Nadeau Township is a civil township of Menominee County in the U.S. state of Michigan. The population was 1,160 at the 2000 census.

Communities 
 Carney is a village within the township. The Carney ZIP code, 49812, serves most of the northern part of the township
 Nadeau is an unincorporated community in the township on US 41 at . Both the community and the township were named after Bruno (Barney) Nadeau, who owned the first farm in the area. The Chicago and North Western Railway built a station in 1878. A post office named "Nadean" was established on May 29, 1878, with Bruno (Barney) Nadeau as the first postmaster. The misspelled name of the post office was not corrected until February 20, 1890. The Nadeau post office, with ZIP code 49863, provides service for an area along US 41 north of Carney.
 The village of Daggett is to the south in Daggett Township, and the Daggett ZIP code, 49821, also serves most of the southern part of Nadeau Township.
 The village of Powers is to the north in Spalding Township, and the Spalding ZIP code, 49874 also serves a small area in the northern part of Nadeau Township.

Geography
According to the United States Census Bureau, the township has a total area of 80.8 square miles (209.3 km), of which 80.7 square miles (209.0 km) is land and 0.1 square mile (0.4 km) (0.17%) is water.

Demographics
As of the census of 2000, there were 1,160 people, 480 households, and 314 families residing in the township.  The population density was 14.4 per square mile (5.6/km).  There were 710 housing units at an average density of 8.8 per square mile (3.4/km).  The racial makeup of the township was 98.28% White, 0.09% African American, 0.60% Native American, 0.17% Asian, 0.09% from other races, and 0.78% from two or more races. Hispanic or Latino of any race were 0.69% of the population.
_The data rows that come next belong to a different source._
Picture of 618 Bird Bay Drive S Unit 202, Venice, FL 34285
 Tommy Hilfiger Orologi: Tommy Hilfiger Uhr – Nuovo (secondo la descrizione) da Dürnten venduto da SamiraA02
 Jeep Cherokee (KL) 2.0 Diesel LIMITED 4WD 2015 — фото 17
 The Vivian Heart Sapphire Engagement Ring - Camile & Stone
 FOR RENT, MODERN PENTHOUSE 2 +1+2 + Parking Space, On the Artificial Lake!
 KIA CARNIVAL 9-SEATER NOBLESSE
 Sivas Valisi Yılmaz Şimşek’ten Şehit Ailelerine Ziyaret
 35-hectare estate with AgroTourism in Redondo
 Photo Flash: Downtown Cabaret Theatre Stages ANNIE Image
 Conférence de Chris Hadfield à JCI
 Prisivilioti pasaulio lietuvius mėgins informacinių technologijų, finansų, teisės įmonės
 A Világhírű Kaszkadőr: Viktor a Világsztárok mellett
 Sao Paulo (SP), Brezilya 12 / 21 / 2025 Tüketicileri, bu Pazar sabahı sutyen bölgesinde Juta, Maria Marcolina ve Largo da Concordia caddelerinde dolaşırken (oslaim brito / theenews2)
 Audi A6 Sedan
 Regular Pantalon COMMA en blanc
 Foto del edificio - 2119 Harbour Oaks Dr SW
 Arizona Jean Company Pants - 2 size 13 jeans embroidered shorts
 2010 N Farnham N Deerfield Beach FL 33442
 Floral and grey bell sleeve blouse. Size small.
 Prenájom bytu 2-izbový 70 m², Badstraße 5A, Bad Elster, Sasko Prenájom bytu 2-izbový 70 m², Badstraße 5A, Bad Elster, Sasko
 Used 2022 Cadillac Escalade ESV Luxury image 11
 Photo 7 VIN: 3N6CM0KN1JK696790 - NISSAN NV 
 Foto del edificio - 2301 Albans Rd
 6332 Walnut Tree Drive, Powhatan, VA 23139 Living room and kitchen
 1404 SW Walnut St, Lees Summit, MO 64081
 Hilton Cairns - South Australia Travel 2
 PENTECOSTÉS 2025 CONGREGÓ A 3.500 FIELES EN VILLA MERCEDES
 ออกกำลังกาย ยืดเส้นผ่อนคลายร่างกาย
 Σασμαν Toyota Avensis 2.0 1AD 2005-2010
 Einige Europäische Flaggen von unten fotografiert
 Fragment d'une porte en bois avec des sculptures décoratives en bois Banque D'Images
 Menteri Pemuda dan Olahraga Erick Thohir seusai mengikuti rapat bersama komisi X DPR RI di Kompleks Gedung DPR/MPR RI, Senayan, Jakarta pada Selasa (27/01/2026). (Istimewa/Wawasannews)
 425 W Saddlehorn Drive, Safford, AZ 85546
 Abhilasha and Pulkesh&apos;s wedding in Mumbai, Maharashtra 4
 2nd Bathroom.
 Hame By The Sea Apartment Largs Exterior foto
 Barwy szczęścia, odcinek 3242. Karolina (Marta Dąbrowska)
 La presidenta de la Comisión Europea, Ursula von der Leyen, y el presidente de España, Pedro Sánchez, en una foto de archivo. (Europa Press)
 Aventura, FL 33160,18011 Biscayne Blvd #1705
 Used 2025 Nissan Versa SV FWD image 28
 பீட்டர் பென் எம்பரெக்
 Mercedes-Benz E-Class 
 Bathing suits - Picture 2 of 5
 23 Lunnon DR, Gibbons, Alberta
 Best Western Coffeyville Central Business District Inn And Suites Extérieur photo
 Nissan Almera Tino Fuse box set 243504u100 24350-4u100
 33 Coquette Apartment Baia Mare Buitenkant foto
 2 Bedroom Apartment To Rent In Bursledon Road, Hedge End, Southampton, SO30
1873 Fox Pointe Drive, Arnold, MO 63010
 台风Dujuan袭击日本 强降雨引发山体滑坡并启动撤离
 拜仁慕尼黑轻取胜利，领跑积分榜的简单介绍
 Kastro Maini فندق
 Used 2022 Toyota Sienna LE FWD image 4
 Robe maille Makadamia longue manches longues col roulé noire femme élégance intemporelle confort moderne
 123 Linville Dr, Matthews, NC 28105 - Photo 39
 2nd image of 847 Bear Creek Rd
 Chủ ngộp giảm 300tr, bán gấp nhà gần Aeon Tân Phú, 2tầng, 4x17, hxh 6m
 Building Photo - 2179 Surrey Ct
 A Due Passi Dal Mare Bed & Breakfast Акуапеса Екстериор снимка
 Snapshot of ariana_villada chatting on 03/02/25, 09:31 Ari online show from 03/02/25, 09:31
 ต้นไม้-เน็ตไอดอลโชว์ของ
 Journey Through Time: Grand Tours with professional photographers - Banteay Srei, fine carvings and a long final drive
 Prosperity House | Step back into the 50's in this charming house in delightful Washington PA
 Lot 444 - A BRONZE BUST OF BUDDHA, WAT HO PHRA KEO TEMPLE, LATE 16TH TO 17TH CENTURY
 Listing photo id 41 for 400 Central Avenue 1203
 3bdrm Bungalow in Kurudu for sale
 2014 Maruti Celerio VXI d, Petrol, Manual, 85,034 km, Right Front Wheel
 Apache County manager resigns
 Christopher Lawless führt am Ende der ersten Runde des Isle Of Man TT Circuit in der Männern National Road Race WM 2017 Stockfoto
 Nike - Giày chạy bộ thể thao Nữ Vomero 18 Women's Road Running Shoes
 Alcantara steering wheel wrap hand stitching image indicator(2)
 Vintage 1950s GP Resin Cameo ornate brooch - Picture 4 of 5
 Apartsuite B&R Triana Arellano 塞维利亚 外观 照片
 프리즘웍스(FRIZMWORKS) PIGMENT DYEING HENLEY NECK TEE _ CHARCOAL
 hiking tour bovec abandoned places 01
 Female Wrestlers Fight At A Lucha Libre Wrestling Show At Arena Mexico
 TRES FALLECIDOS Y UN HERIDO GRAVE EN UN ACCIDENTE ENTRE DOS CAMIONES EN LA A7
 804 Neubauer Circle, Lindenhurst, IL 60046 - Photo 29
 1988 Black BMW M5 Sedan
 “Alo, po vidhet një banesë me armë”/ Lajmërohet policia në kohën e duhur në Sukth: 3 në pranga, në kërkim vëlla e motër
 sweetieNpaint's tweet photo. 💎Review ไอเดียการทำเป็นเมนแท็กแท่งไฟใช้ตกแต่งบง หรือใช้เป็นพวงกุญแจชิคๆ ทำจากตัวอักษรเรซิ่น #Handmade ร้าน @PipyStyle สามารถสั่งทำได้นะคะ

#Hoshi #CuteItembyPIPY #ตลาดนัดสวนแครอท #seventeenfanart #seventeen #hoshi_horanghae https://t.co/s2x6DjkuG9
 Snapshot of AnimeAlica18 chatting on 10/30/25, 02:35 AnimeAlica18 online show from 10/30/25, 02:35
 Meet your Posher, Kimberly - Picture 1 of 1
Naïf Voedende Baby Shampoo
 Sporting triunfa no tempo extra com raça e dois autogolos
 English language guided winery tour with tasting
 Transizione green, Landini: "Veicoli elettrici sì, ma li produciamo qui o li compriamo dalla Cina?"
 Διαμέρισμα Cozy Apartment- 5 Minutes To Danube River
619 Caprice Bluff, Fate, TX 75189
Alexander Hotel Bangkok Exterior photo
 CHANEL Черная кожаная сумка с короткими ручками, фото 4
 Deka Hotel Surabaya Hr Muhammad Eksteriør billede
There were 480 households, out of which 29.4% had children under the age of 18 living with them, 53.1% were married couples living together, 8.1% had a female householder with no husband present, and 34.4% were non-families. 31.5% of all households were made up of individuals, and 15.4% had someone living alone who was 65 years of age or older.  The average household size was 2.41 and the average family size was 3.03.

In the township the population was spread out, with 25.5% under the age of 18, 7.2% from 18 to 24, 26.2% from 25 to 44, 26.2% from 45 to 64, and 14.8% who were 65 years of age or older.  The median age was 40 years. For every 100 females, there were 99.3 males.  For every 100 females age 18 and over, there were 103.8 males.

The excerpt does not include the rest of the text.